A bull's hooves turned Laney’s world to dust; bull riding gave Cody a life worth living—can they find common ground?

Available for purchase atAmazon

Blurb: Sunny Jamieson craves a normal family so much she has gotten pregnant by the wrong man—twice. Neither was the man she thought he was, and she is alone and about to give birth in an ice storm.

Garrett Pike wants nothing more than to have a boy of his own to follow in his footsteps. When he returns home from the rodeo circuit and finds his wife in bed with a ranch hand, he needs to distance himself from his angry memories and accepts a job offer in Black Mountain, Colorado. On the way, his truck breaks down in a blizzard, landing him at the home of a pregnant woman and her kids.

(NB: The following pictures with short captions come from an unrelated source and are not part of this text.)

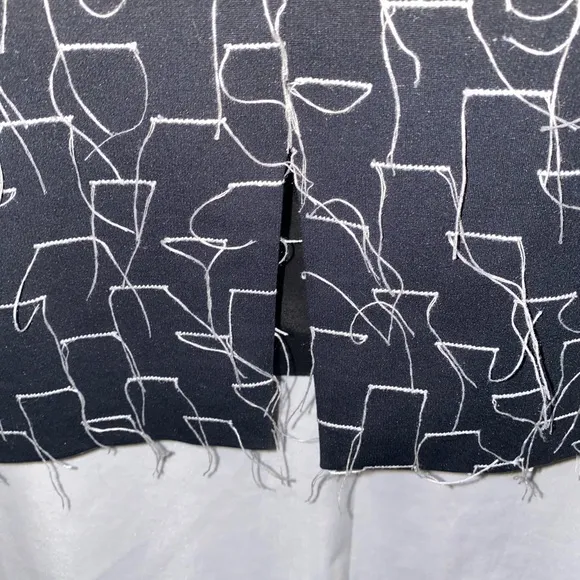 C/ Meo Collection Pencil Skirt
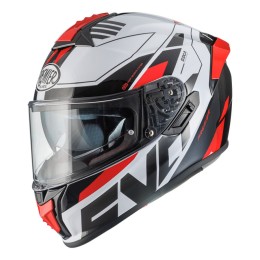 Casco Integrale Evoluzione PREMIER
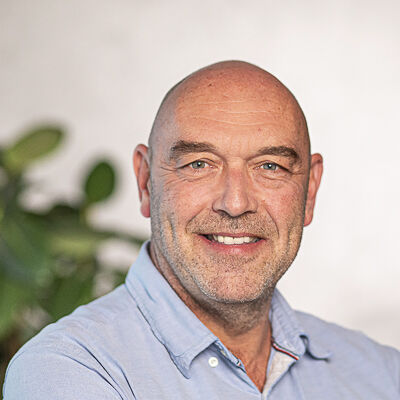Dick de Gier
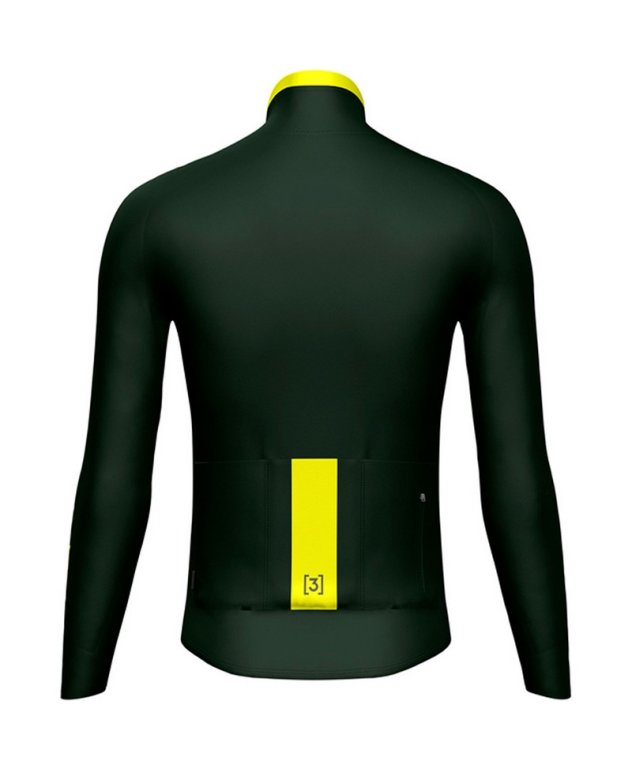 CHAQUETA ORBEA THERM LIGHT... 2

Garrett and Sunny bond when she gives birth. Garrett realizes he doesn’t have to be the biological father of a child to love one, and Sunny knows she’s found the man she’s been seeking. Together, they can create the family they’ve both been longing for.

Available for purchase at: Amazon

© Aliencat | Stock Free Images
 Author Bio: Falling in love with romance novels the summer before sixth grade, D’Ann Lindun never thought about writing one until many years later when she took a how-to class at her local college. She was hooked! She began writing and never looked back. Romance appeals to her because there's just something so satisfying about writing a book guaranteed to have a happy ending. D’Ann’s particular favorites usually feature cowboys and the women who love them. This is probably because she draws inspiration from the area where she lives, Western Colorado, her husband of twenty-nine years and their daughter. Composites of their small farm, herd of horses, five Australian shepherds, a Queensland heeler, nine ducks and cats of every shape and color often show up in her stories!

Be sure to visit D'Ann at: Blog


  1. Hi D'Ann! Both are wonderful hooks. You do such an amazing job with description and emotion and I was really pulled into the scenes.

    1. Thank you! That's very nice of you to say!

  2. Great hooks - not so great story about touching the cactus - ouch!

  3. The above excerpts are prime examples of how a hook keeps the reader not only on the edge of their seat, but turning the pages and reaching for your next book. Awesomeness!

    1. Ha, I think I deleted the comment here on accident. Sorry. :( I put on that moderation thing last month to curb some spam comments.

  4. Love your hooks. I still struggle with them. Tweeted.

    1. Thanks! I think (modestly) that they're one of my strengths.

  5. Thanks for having me here today, Melissa!

    1. So very glad to have you here, D'Ann. You know I always like to have you visit. :)

  6. Great hooks, but I keep thinking of all those spines in your poor little hand...

  7. that sounds painful, D'Ann!

    And I love the hooks in your Black Mountain books...they can dig into me any time. :) lol

  8. Love your hooks. sometimes I get them, sometimes, not so much. Tweeted

    1. Thank you! I love hooks, just not the cholla kind!!!

  9. OUCH! I never fell into a desert cactus, but I did fall into my Great Aunt Mary's monster houseplant cactus. So, I know how much that hurt. I was about 7 too. Took my mom hours to get the tiny prickers out of me.

    I love your hooks and your books, D'Ann.

  10. That sounds very painful. But I love all of your hooks.

  11. Love your hooks. They get me every time! That cactus story made me cringe. I couldn't imagine. Ouch!

  12. Great analogy! Let's hope narrative hooks aren't painful but intriguing. I believe yours will catch the reader from the start.